Regie: Elizabeth T. Spira
Kamera: Wilhelm Lindenberger
Schnitt: Inge Wistawel
Originalton: Rolf Leitenbohr
Weitere Credits: Produktionsleitung: Fridolin Pig, Redaktion: Peter Rabl
Produktion: ORF

 

In der einzigen nie ausgestrahlten „Alltagsgeschichte“-Episode von 1988 lauscht Elizabeth T. Spira den Gesprächen an Stammtischen der Republik, um schließlich den faschistoiden Sud aus Antisemitismus, Geschichtsverleugnung und erschreckendem Selbstbewusstsein in rauchgeschwängerter Atmosphäre zum Kochen zu bringen.

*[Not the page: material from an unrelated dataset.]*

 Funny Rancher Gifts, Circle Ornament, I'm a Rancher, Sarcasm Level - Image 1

Zum Auftakt der Filmmuseum-Reihe: zwei Filme, in denen vor allem gesprochen wird und in denen die „gesagten Dinge“ (Michel Foucault) ein Archiv bilden, das mehr ist als nur ein Protokoll von Aussagen. Alltagsgeschichte – Am Stammtisch und Vienna is Different: 50 Years after the Anschluss kreisen um zwei historische Momente, die die nahtlose Kontinuität von Geschichte und Gegenwart auf fast unheimliche Weise verdichten – die Präsidentschaft Kurt Waldheims und der fünfzigste Jahrestag des „Anschlusses“ an Nazideutschland. Zwei Filme, in denen Österreich als (selten, aber gelegentlich doch auch kritische) Öffentlichkeit zu Wort kommt – durch die im Staatsgebilde lebenden Individuen, publizierenden Medien, agierenden Institutionen. Aus der Gegenwart heraus formieren sich diese Bilder zu einem brüchigen und facettenreichen Gesellschaftspanorama, einer Kakofonie gesagter Dinge zu einem bestimmten Thema, in einer bestimmten Zeit, an einem bestimmten Ort.

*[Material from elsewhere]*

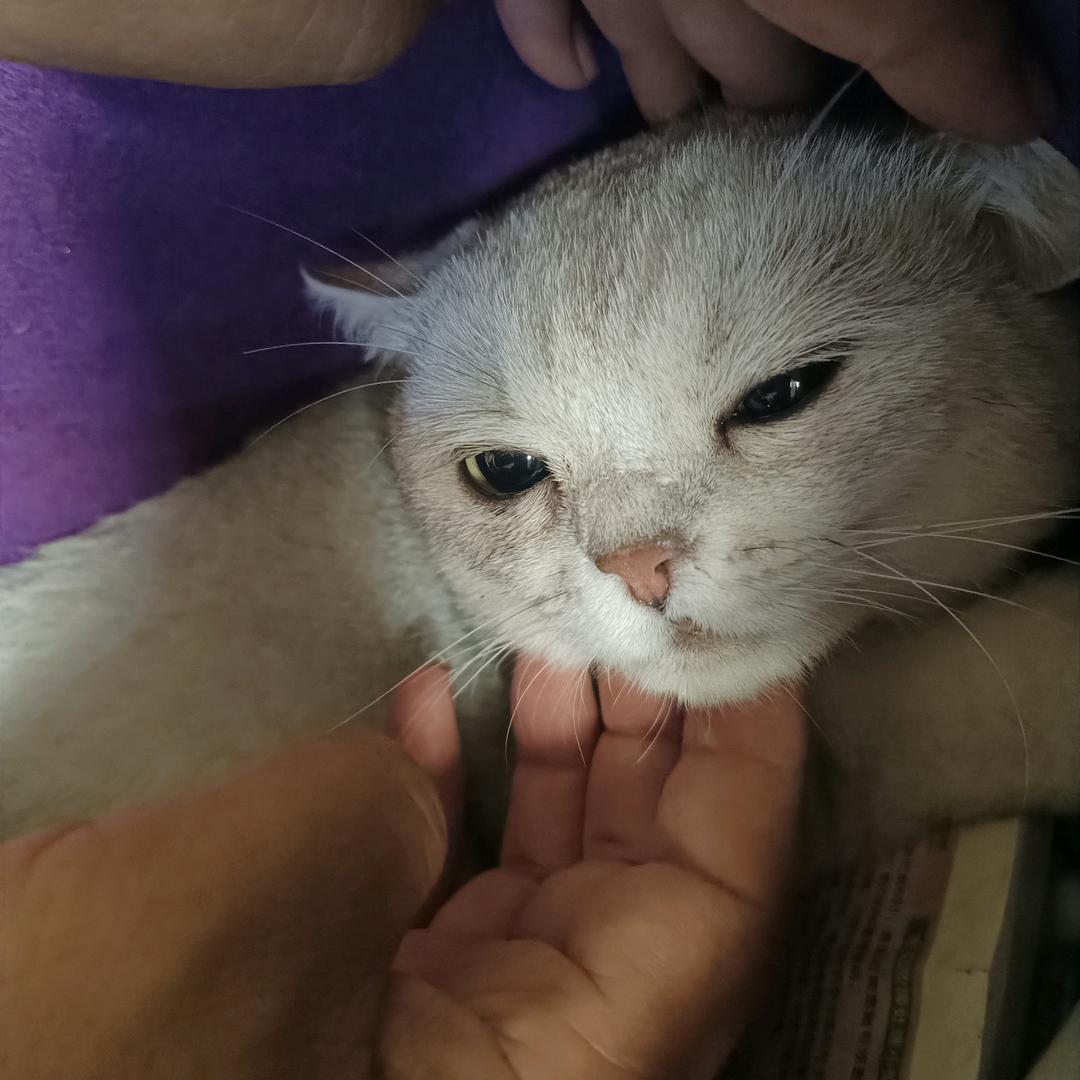 家有能能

Einige dieser gesagten (aber damals nicht gehörten) Dinge finden sich im ORF-Archiv in der einzigen nie ausgestrahlten Folge von Elizabeth T. Spiras Alltagsgeschichten mit dem Titel Am Stammtisch. Sie versammelt Wirtshauszusammenkünfte in Wien, der Steiermark, Tirol und Kärnten. Schon lange bevor die Gesprächspartner/innen an Pfeifen-, Jäger-, Schützen- oder Arbeiterstammtischen ihre Gedanken direkt um Waldheim kreisen lassen, beschreiben fast alle gesagten Dinge einen gedanklichen Orbit, in dessen Zentrum Waldheim steht: Tradition, Jugoslawien-Urlaub, „unsere Heimat“ (und „Zurück in die Heimat!“), die junge Generation, die Waffen, die Disziplin und die Türkenkriege. Ungeschönt spielt Spira das Thema zunächst über die Bande, um schließlich den faschistoiden Sud aus Antisemitismus, Geschichtsverleugnung und erschreckendem Selbstbewusstsein in rauchgeschwängerter Atmosphäre zum Kochen zu bringen.

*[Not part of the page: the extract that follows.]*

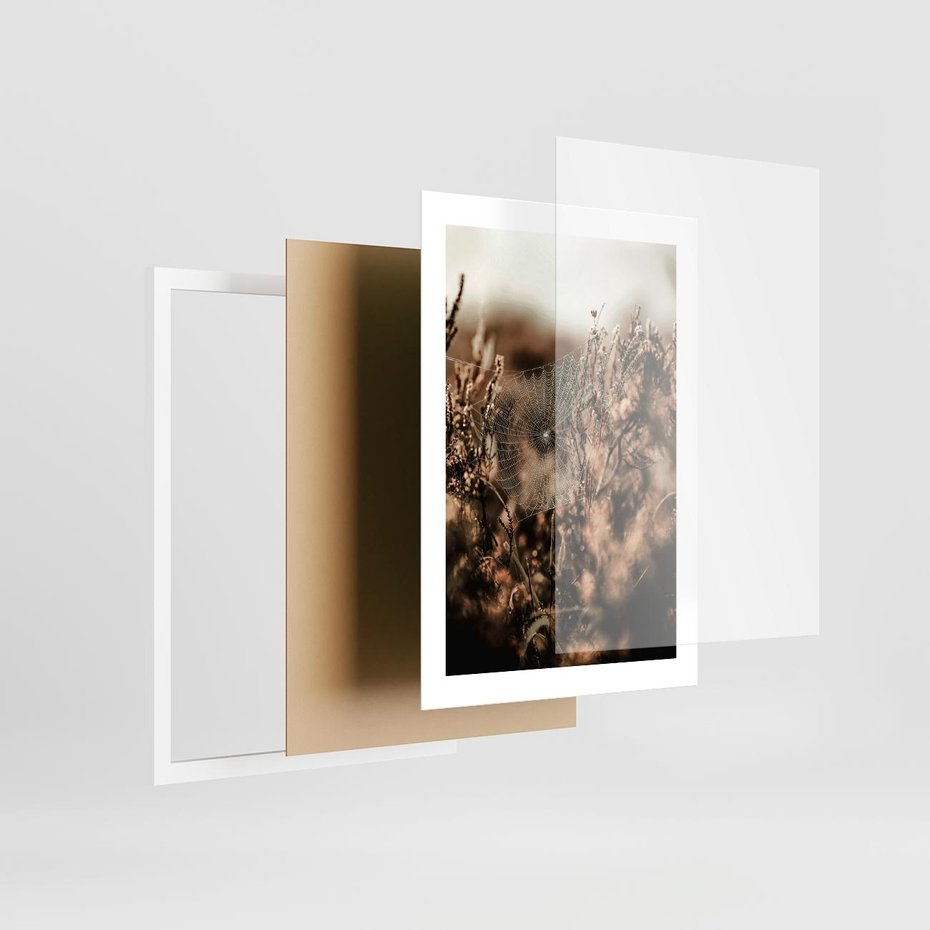 Plakat w ramie 30x40 - Jesienny Mikrokosmos - suchetrawy, jesienny klimat - rama biała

Örtlich und geistig nicht ganz so eng gefasst kommt Österreich 1988 ebenso in Vienna is Different: 50 Years after the Anschluss zum Sprechen. Auch hier wird nichts Neues mitgeteilt – zu Wort kommen u. a. beleidigte Holocaust-Leugner/innen im Trachtenlook, bürgerliche Relativist/innen und Augenzeug/innen der sogenannten „Reibpartien“. Wirklich erhellend ist aber, wie und wo gesprochen wird: Fläzend auf luxuriösen Möbeln unter einem Waldheim-Bild mit persönlicher Danksagung lassen sich die idealistischen Forderungen der „jungen Leut’“ leichter abtun als vor spartanischen Archivregalen mit Geschichtsdokumenten. Im Theater werden die Dinge überzeichnet, beim abendlichen Joint und Wein unter Kreativen hält man zynische Distanz, während der ORF die harte Gangart der ausländischen Presse gegenüber Österreich tadelt. Susan Kordas und David Leitners Film versammelt all das im öffentlichen Raum Gesagte (inklusive der vom Waldheim-Thema durchdrungenen Wiener Werbeflächen) und überträgt es in einen anderen, nicht weniger öffentlichen Raum – in das Kino, wo die Vergangenheit nie ganz vergeht. Was 1988 durch welche Kanäle, in welchen Tonalitäten, begleitet von welchen Gesten und Grimassen, gekleidet in welche Räume und Gewänder gesprochen wurde, gehört auch 2016 noch zum Differenzial von Wien.